Worse was to come, though. Throughout the campaign, as throughout the 2002 general election campaign, David Stephenson was photographing the life and death of political posters, from their fresh-faced pristine beginnings, with easy promises of better things to come, to their ignominious endings, whether trashed by the elements or consigned to recycling bales with the rest of the rubbish. To see his show Slant at the Gallery of Photography is to experience a distanced, perhaps jaundiced view of an election campaign, enacted on the level of images rather than people.
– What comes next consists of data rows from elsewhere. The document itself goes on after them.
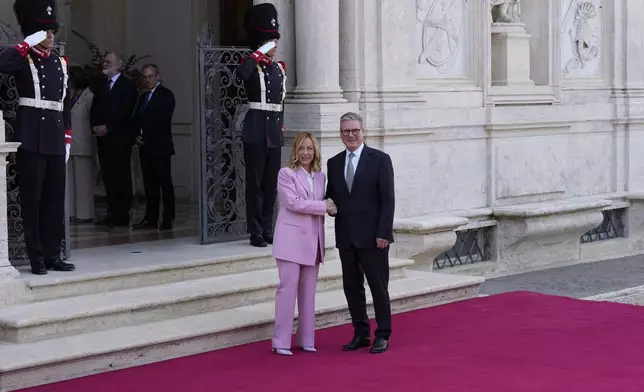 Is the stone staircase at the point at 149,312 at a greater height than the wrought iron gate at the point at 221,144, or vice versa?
the wrought iron gate at the point at 221,144

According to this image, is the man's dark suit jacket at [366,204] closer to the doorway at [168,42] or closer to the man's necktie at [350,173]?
the man's necktie at [350,173]

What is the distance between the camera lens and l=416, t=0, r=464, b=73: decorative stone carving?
1310 cm

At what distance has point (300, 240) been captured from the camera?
8.60 m

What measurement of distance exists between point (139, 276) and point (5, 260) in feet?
3.74

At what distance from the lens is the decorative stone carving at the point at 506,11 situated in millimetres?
14219

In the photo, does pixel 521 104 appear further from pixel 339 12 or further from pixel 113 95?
pixel 113 95

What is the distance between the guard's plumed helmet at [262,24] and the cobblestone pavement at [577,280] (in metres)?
3.09

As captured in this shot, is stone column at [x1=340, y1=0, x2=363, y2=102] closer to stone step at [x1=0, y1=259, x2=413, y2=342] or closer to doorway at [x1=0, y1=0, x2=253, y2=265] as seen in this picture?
stone step at [x1=0, y1=259, x2=413, y2=342]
Recycling is exactly what should become of the posters, of course, though one suspects that, in Ireland, "recycling" sometimes has a euphemistic ring to it and may signify something rather less environmentally friendly than it sounds. Inevitably, Stephenson found images that point up some of the contradictions in the political process. But when we see a Green Party poster lodged among the ugly detritus of consumerism on a dumping ground in one of those bleak urban no-man's-land expanses, it seems like rather a cheap shot. It would be amazing if such a thing didn't happen, many times, given the nature of the business.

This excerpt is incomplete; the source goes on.